Both parties should maintain a healthy relationship so that they can negotiate on various things, such as late fees and liabilities. It also reduces a lot of pressure. The condition of the asset at the time of renting also plays a huge rule in deciding the whole partnership. Both parties should check the condition together and mention the details in the agreement. They should decide whether the lessee wants to get repairs done on his own or not.
If the lessor wants to take security, then he must mention it to the lessee before drafting the agreement. In some cases, there may be an exemption from security. Insurance, repair, and maintenance are a few things that require in-person discussion between both parties. Once both parties come on the same page, the agreement must be drafted. After drafting the agreement, both parties must give a careful read. You can also take the help of an attorney to understand some hidden clauses and governing laws.
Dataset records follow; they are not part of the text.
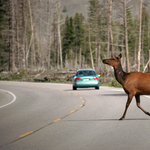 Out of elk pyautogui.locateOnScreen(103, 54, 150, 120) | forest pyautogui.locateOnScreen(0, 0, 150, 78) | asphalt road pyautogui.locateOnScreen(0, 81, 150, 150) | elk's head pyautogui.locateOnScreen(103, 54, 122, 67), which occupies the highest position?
forest pyautogui.locateOnScreen(0, 0, 150, 78)

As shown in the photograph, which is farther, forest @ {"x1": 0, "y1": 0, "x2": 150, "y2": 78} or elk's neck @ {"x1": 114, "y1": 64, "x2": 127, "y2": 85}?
forest @ {"x1": 0, "y1": 0, "x2": 150, "y2": 78}

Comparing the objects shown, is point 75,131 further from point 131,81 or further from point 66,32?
point 66,32

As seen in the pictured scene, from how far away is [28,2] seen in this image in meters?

The lessee must negotiate with lessor on security, payment modes, and late payment fee. A healthy relationship between both parties before signing the agreement ensures that there are open discussions for negotiations. The key to good negotiation is in the hands of a lessee. He or she must make sure that they gather points after researching about the lessor and present them in a solid way. As a result of negotiations, some lessors waive off the late payment fees and exempt leases from security.
Benefits & Drawbacks of the Operating Lease
In a Finance Lease or Capital, Lease ownership is transferred to the lessee by the end of the lease period. According to generally accepted accounting principles (GAAP), for a lease to be Capital Lease, it must follow certain rules apart from ownership transfer such as the lease should contain a bargain purchase option and the lease life should exceed 75% of the asset’s economic life, or the present value of a lease payment should exceed 90% of an asset’s market value. Both the Operating and Capital Lease have their own advantages and disadvantages.
Here are some benefits-
- It specifies the responsibilities of both parties
- It specifies the obligations and liabilities of both parties
- It gives a dispute resolution method
- It makes leasing legally binding
- It spells out all the terms and conditions that both parties can refer to
- It reduces tax liabilities
- It is not added in the company’s balance sheet
Drawbacks of this agreement –
- It involves risk
- It involves security and maintenance
What Happens in Case of Violation
In case of any violation, both the lessee and lessor are well within their rights to approach the court. However, it is suggested that both parties refer to the agreement and try to mediate before involving the court. Depends on the state you live in, the state laws also apply. Both parties should ensure that all obligations and responsibilities are followed as per the agreement to avoid any dispute or breach.
A lease agreement is like a rent agreement that needs a good and healthy off-paper relationship between the entities involved. Both parties must ensure that they follow the agreement’s terms and conditions and maintain a healthy relationship. It is a highly beneficial agreement that helps both parties in their business. So, it must be used with all seriousness. The monthly payments should be made on time by the lessee.